● **WORK REQUEST**:
Write out exactly every line from the one containing "Julien Temple filma el malecón de La Habana, en Cuba Julien" through the final line of the material below, both included. Pictures are to be skipped.

● **COLLECTED DATA**:
┄┄┄┄┄┄┄┄┄┄

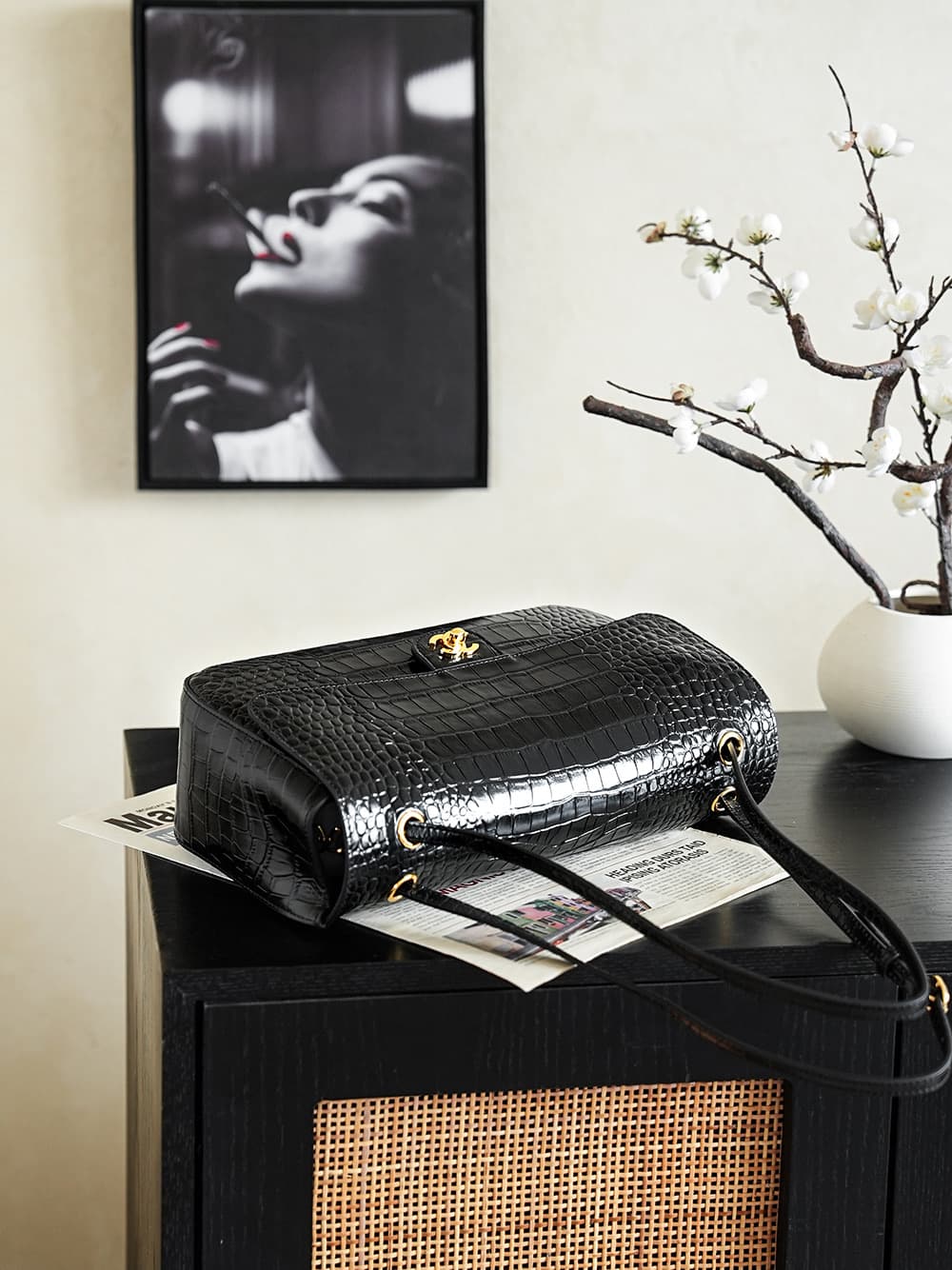 Chanel Maxi Flapbag Crocodile Embossed Calfskin& Gold-Tone Metal Black AS6231 A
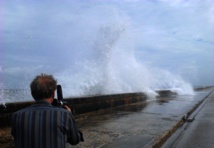 Julien Temple filma el malecón de La Habana, en Cuba Julien Temple filma el malecón de La Habana, en Cuba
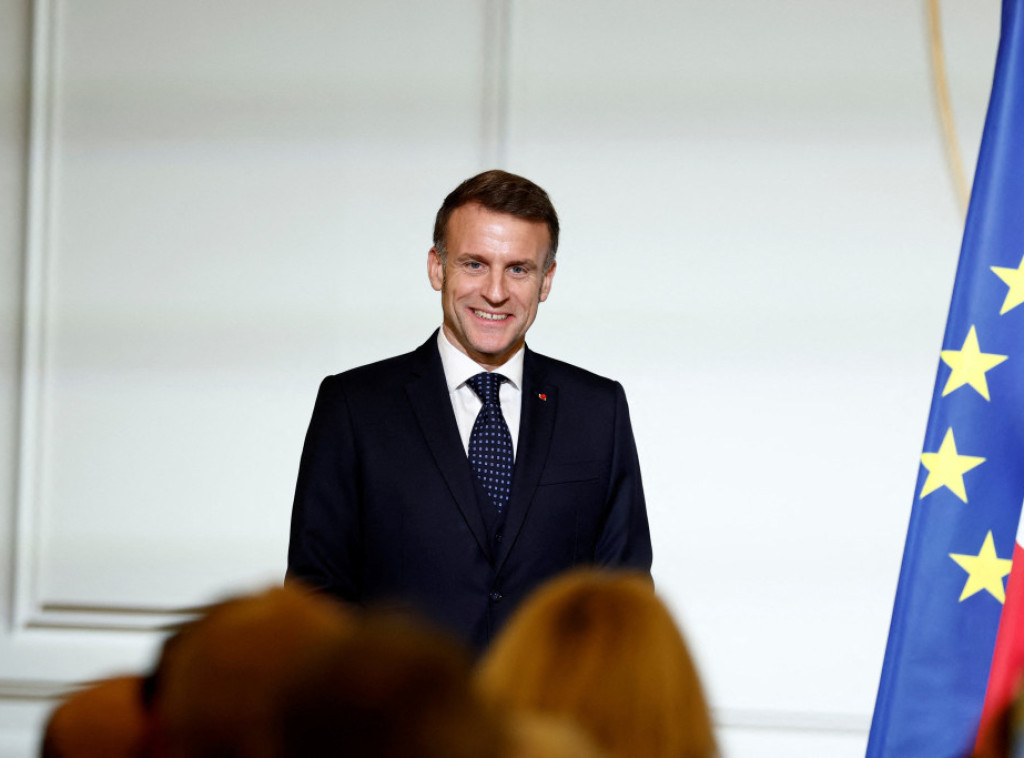 BFM: Makron traži ubrzanu proceduru za zakon o zabrani društvenih mreža maloletnicima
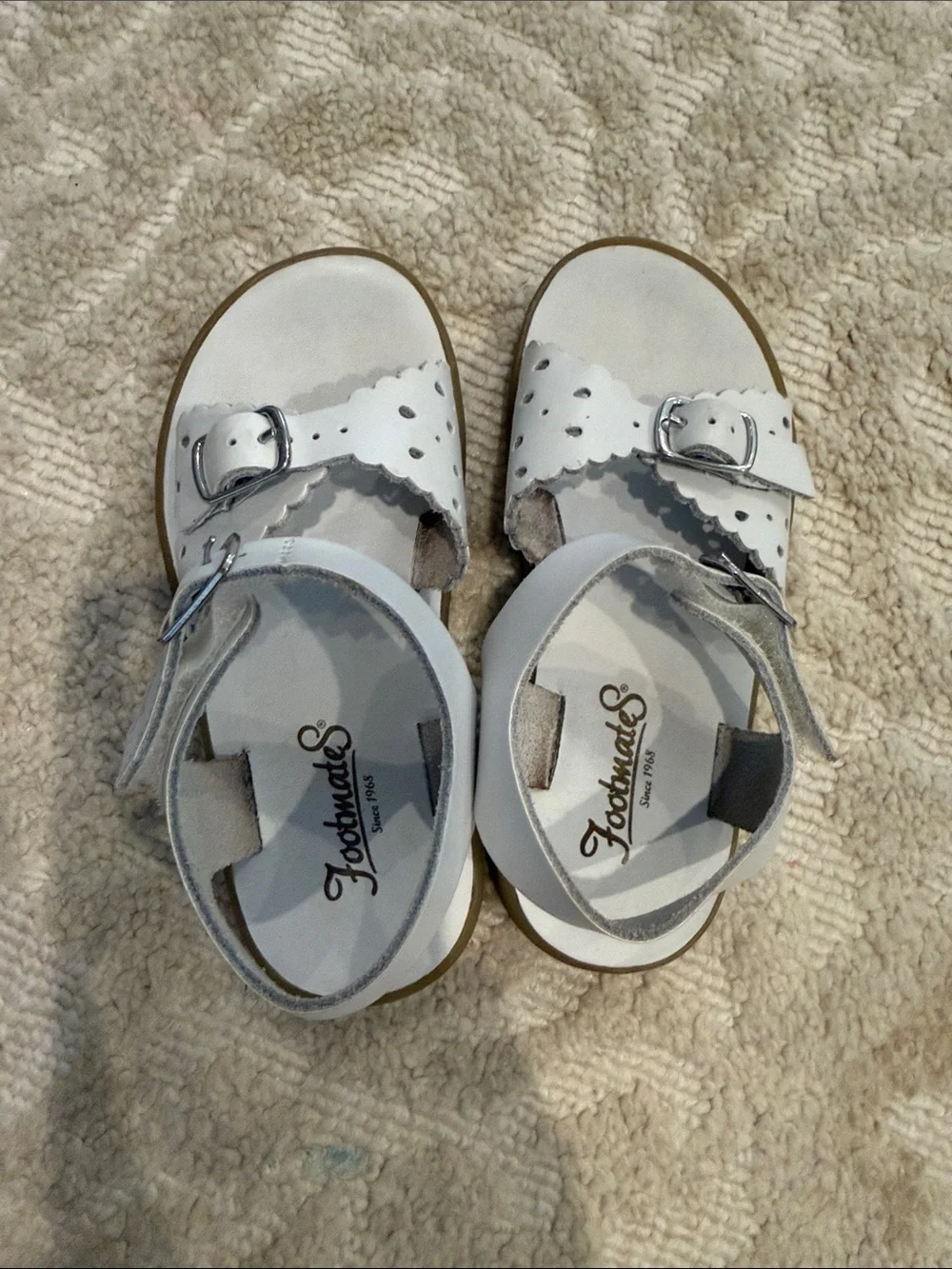 FootMates white scalloped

┄┄┄┄┄┄┄┄┄┄

● **SOLVED PROBLEM**:
 Julien Temple filma el malecón de La Habana, en Cuba Julien Temple filma el malecón de La Habana, en Cuba
 BFM: Makron traži ubrzanu proceduru za zakon o zabrani društvenih mreža maloletnicima
 FootMates white scalloped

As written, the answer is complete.